Dem hält der Senat mit der oben ausschnittweise wiedergegebenen Anmerkung in seiner Mietspiegelbroschüre 2021 entgegen, daß der Mietspiegel 2019 „auf der Grundlage einer empirischen primärstatistischen Repräsentativerhebung erstellt“ worden sei. Mit anderen Worten: man hat den Mietspiegel 2019 zwar damals als Fortschreibung bezeichnet. In Wirklichkeit sei es aber eine Neuerstellung gewesen.

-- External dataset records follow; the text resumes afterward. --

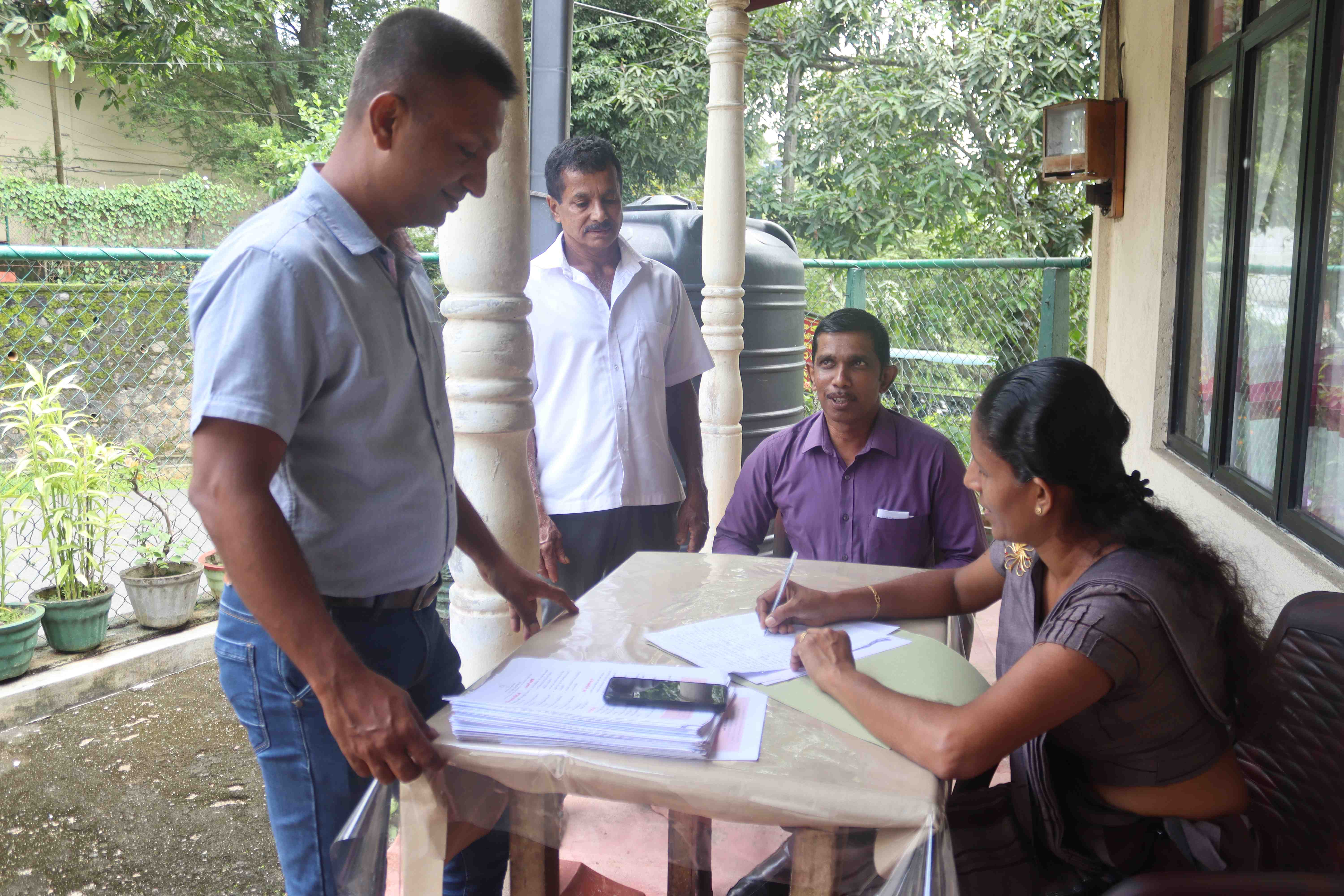 IMG 7338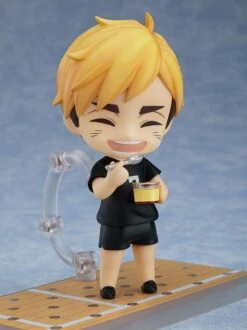 Haikyuu!! Nendoroid No.1403 Atsumu Miya (Reissue) 13 Haikyuu!! Nendoroid No.1403 Atsumu Miya (Reissue) -Cheap Figures Store 4b48f9d0 dab0 432d 8e99 85fa0ee16aeb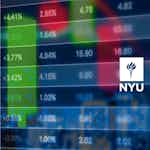 Fundamentals of Machine Learning in Finance by New York University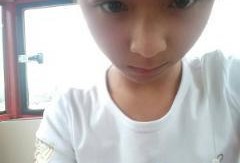 王宇最新爆料视频大全集,揭秘背后真相与精彩瞬间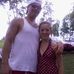 Robbie Harbin - Facebook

Dieses Argument ist teilweise richtig. Für den Mietspiegel 2019 wurden in der Tat Daten erhoben. Es handelt sich aber dennoch um eine Fortschreibung des Mietspiegels 2017. Im sog. „Endbericht„, welcher das methodische Vorgehen darstellt, wird das näher ausgeführt, unter anderem:

Seite 2:

Seite 6:

Seite 10:

Der Mietspiegel 2019 beruht also zwar auf einer Datenerhebung, ist aber dennoch eine Fortschreibung des Mietspiegels 2017 im Sinne der anerkannten wissenschaftlichen Grundsätze der Statistik, und zwar in der Variante „Erhebung einer Stichprobe“ gemäß § 558d BGB. Folgerichtig haben Senat und Verbände der Mieter- und Vermieterseite den Mietspiegel 2019 als Fortschreibung bezeichnet. Nun zu behaupten, das sei in Wahrheit unzutreffend, würde ich zumindest als sportlich bezeichnen. Sicher wissen wir das erst nach gerichtlicher Klärung, aber es spricht viel dafür, daß sich der Senat an seiner eigenen Einschätzung aus 2019 festhalten lassen muß.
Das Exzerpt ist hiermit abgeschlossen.